GPU-Aware Kubernetes for Inference Workloads

Scheduling, quotas, and capacity planning when teams run local inference models on Kubernetes.

June 22, 2025 ·

Kubernetes AI Cloud

Gpu Kubernetes

Running inference workloads on Kubernetes has become a core part of our platform story. As more teams adopt local LLMs and computer vision models, I’ve spent the past year building out GPU-aware infrastructure that balances performance, cost, and fair access across teams. Here’s what I’ve learned.

The Challenge of GPU Scheduling in Shared Clusters

GPUs are fundamentally different from CPU and memory. They’re expensive, scarce, and can’t be easily time-sliced the way CPUs can. When I first enabled GPU workloads on our shared cluster, I ran into problems immediately:

A single team would consume all available GPUs for batch inference jobs
Nodes would sit idle because pods requested GPUs but barely used them
Teams had no visibility into when GPUs would become available
Cost allocation was a nightmare since GPU nodes are 10x the price of standard compute

The standard Kubernetes scheduler treats GPUs as just another resource, but operationally they require dedicated attention.

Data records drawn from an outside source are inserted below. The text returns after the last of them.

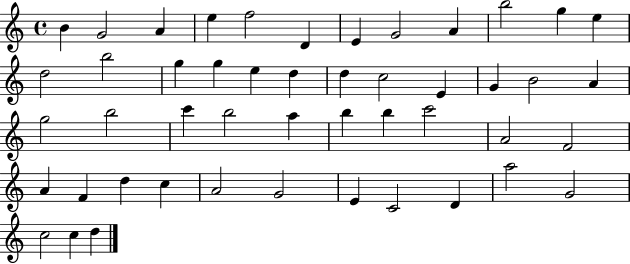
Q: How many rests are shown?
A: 0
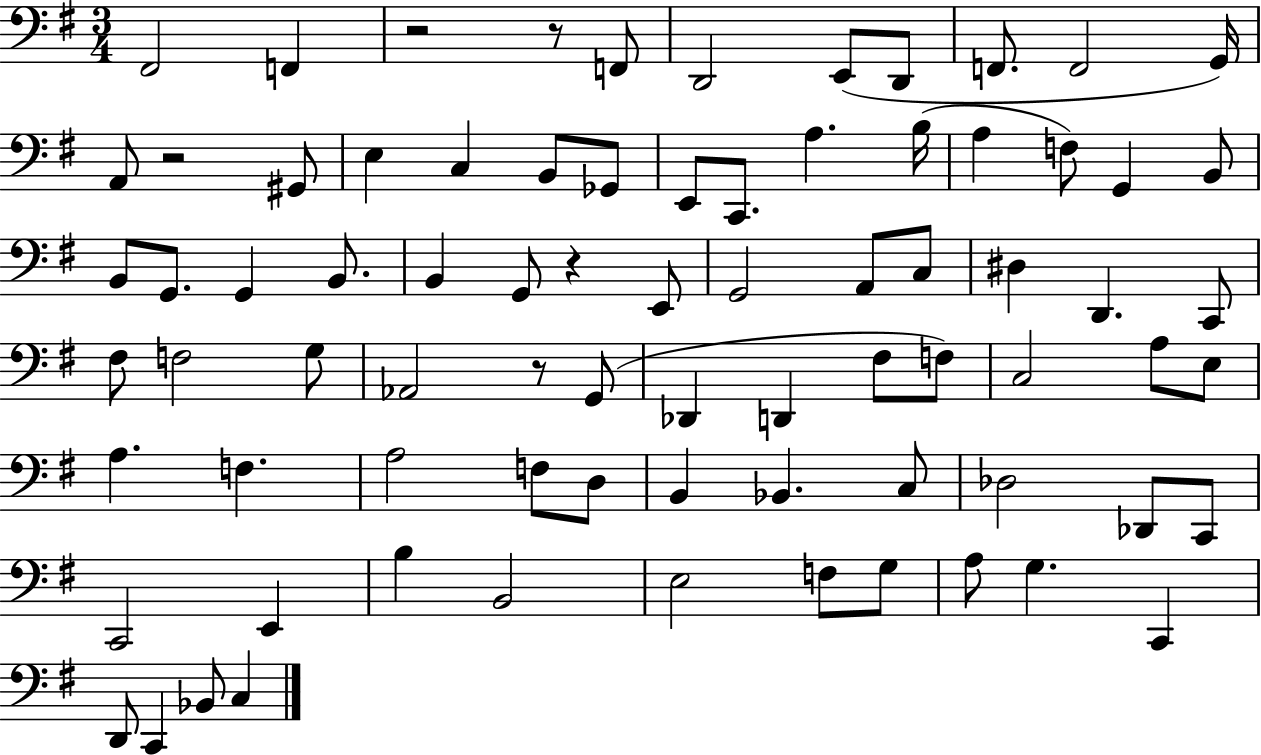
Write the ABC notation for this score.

X:1
T:Untitled
M:3/4
L:1/4
K:G
^F,,2 F,, z2 z/2 F,,/2 D,,2 E,,/2 D,,/2 F,,/2 F,,2 G,,/4 A,,/2 z2 ^G,,/2 E, C, B,,/2 _G,,/2 E,,/2 C,,/2 A, B,/4 A, F,/2 G,, B,,/2 B,,/2 G,,/2 G,, B,,/2 B,, G,,/2 z E,,/2 G,,2 A,,/2 C,/2 ^D, D,, C,,/2 ^F,/2 F,2 G,/2 _A,,2 z/2 G,,/2 _D,, D,, ^F,/2 F,/2 C,2 A,/2 E,/2 A, F, A,2 F,/2 D,/2 B,, _B,, C,/2 _D,2 _D,,/2 C,,/2 C,,2 E,, B, B,,2 E,2 F,/2 G,/2 A,/2 G, C,, D,,/2 C,, _B,,/2 C,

NVIDIA Device Plugin and GPU Resource Requests

The foundation of GPU scheduling in Kubernetes is the NVIDIA device plugin. It exposes GPUs as nvidia.com/gpu resources that pods can request.

First, deploy the device plugin as a DaemonSet:

apiVersion: apps/v1
kind: DaemonSet
metadata:
  name: nvidia-device-plugin
  namespace: kube-system
spec:
  selector:
    matchLabels:
      name: nvidia-device-plugin
  template:
    metadata:
      labels:
        name: nvidia-device-plugin
    spec:
      tolerations:
        - key: nvidia.com/gpu
          operator: Exists
          effect: NoSchedule
      containers:
        - name: nvidia-device-plugin-ctr
          image: nvcr.io/nvidia/k8s-device-plugin:v0.14.5
          securityContext:
            allowPrivilegeEscalation: false
            capabilities:
              drop: ["ALL"]
          volumeMounts:
            - name: device-plugin
              mountPath: /var/lib/kubelet/device-plugins
      volumes:
        - name: device-plugin
          hostPath:
            path: /var/lib/kubelet/device-plugins

Pods request GPUs like any other resource:

apiVersion: v1
kind: Pod
metadata:
  name: inference-server
spec:
  containers:
    - name: model-server
      image: my-registry/llm-inference:v1.2
      resources:
        limits:
          nvidia.com/gpu: 1
          memory: "32Gi"
        requests:
          nvidia.com/gpu: 1
          memory: "24Gi"

A critical detail: GPU requests and limits must be equal. Unlike CPU, you can’t overcommit GPUs. The device plugin assigns whole GPUs to containers.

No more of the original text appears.